Trump, Iran trade sharp words over oil prices ahead of OPEC meeting




FILE PHOTO: A man fixes a sign with OPEC
FILE PHOTO: A man fixes a sign with OPEC's logo next to its headquarter's entrance in Vienna  

By Susan Heavey, Doina Chiacu and Alex Lawler

WASHINGTON/LONDON (Reuters) - Donald Trump and Iran exchanged sharp words over oil prices on Wednesday, with Tehran accusing the U.S. president of contributing to volatile prices after he withdraw from a global nuclear arms deal last month.

Trump sparked the latest back-and-forth on Wednesday when he renewed his attack on OPEC, saying in a tweet that oil prices are too high and blaming the cartel.

Oil prices have risen by around 60 percent over the last year after the Organization of the Petroleum Exporting Countries and some non-OPEC producers, including Russia, started withholding output in 2017 to reduce excess supply. The cartel is meeting next week, where it will consider pulling back from the deal.

Iran's OPEC governor, Hossein Kazempour Ardebili, fired back quickly at Trump's words. "You cannot place sanctions on two OPEC founder members and still blame OPEC for oil price volatility," he said in a statement to Reuters, referring to itself and Venezuela.

After peaking in May at $80.50 a barrel, prices have pulled back, with the price of Brent crude trading on Wednesday near $76 at barrel, partly in anticipation that the deal may end, and as Saudi Arabia and Russia have already started increasing production.

"Oil prices are too high, OPEC is at it again.
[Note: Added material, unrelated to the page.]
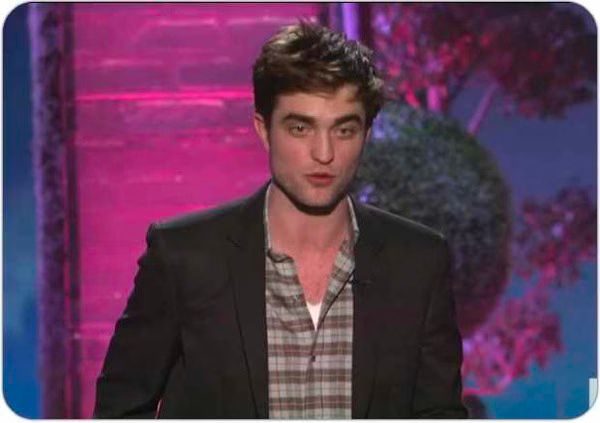 Robert Pattinson F bomb at 2011 MTV Movie Awards
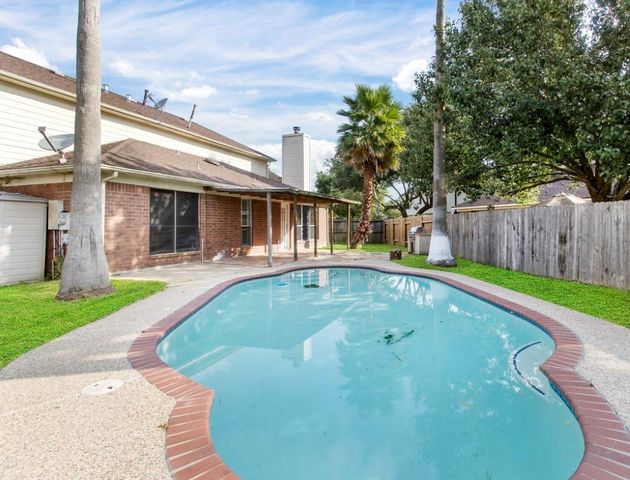 4013 Ivywood Drive, Pearland, TX 77584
Not good!" Trump wrote in a post on Twitter on Wednesday after last raising the issue in April.

The oil supply deal is set to continue through the end of 2018, but plans for its continuation were unclear for next year. The calculus changed, however, after Trump announced in May that the United States was pulling out of the 2015 deal that restricted Iran's nuclear program in exchange for the removal of sanctions.

The U.S. move has put pressure on European and Asian clients to stop importing Iranian oil or doing business with the country. In response, Saudi Arabia, Iran's rival and the largest producer in OPEC, said it would consider increasing supply.

Some countries have already increased production, and analysts have said the outlook for the oil market for the rest of 2018 is uncertain as OPEC countries prepare to meet June 22-23 in Vienna to discuss output.

However, it is unclear whether other nations will commit to raising production. Russia's production was 11.1 million barrels a day in June, exceeding its quota, according to sources familiar with the matter.

In the United States, rising gasoline prices have threatened to blunt other economic headwinds. Prices nationwide have edged up toward $3 a gallon as the U.S. hits its peak summer travel season, still less than the $4 a gallon during the 2007-2009 Great Recession.

Trump sent out his tweet hours after returning to Washington from a summit with North Korean leader Kim Jong Un in Singapore and it was not immediately clear what prompted his comment.